Ostraka: a historical perspective

Michael van Hoogenhuyze

In ancient times, if a resident of Athens wanted to eliminate a political opponent, he (women were excluded from the political arena) could scratch his opponent’s name on a shard and submit it to the city council. When one’s name had been written the most, that person could be ordered to leave the city for ten years. Often the person had gained too much power. That was thus a means of balancing the political structure of the city. Such a shard was called ostracon, hence the term ‘ostracism’.

An ostrakon bearing the name “Aristeides son of Lysimachus” (482 BC) , displayed in the Ancient Agora Museum in Athens

Shards, the remains of pots and tiles were thus given an important role in society.

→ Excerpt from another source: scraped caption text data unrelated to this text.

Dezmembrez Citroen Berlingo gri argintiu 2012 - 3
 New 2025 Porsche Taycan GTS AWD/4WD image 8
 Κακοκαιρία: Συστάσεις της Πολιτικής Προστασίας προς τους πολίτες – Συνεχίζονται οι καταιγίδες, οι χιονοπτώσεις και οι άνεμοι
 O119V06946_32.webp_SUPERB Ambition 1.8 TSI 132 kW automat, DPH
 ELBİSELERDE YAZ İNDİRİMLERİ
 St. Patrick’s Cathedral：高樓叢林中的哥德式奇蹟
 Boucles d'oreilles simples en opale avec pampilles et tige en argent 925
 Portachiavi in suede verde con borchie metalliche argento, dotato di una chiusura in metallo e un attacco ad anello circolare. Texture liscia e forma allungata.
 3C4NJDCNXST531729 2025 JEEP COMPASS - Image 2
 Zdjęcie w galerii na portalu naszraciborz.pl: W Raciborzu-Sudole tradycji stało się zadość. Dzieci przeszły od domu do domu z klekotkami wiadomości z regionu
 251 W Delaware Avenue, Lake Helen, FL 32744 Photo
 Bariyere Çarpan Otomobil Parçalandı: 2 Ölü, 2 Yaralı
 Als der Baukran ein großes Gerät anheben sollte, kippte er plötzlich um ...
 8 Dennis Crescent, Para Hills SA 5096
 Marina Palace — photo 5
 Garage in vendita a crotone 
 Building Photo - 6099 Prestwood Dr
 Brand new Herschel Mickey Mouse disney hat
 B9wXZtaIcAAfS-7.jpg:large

Remains of lost artefacts gained an important role in politics, by gaining an additional sign, the name of a political person. In historical research, shards can play an important role in various ways. They tell us about material use, design and social relationships. Invariably, historians find themselves in a situation where they realize the importance of these ceramic leftovers, often the only material to guide their analysis.

Ostraca were not only used as “anti-voting” materials. In Egypt, tile remnants were used as sketching or practice materials, as hieroglyphics required effort and space. The placement of the characters in square segments and practice for novice sculptors meant that scribes constantly used sketching material. In addition, we find shards being used in Alexandria, the city of scholars. Students who had to practice writing, including in Greek, also used shards. Paper was not yet known and papyrus was too costly to be used as draft material.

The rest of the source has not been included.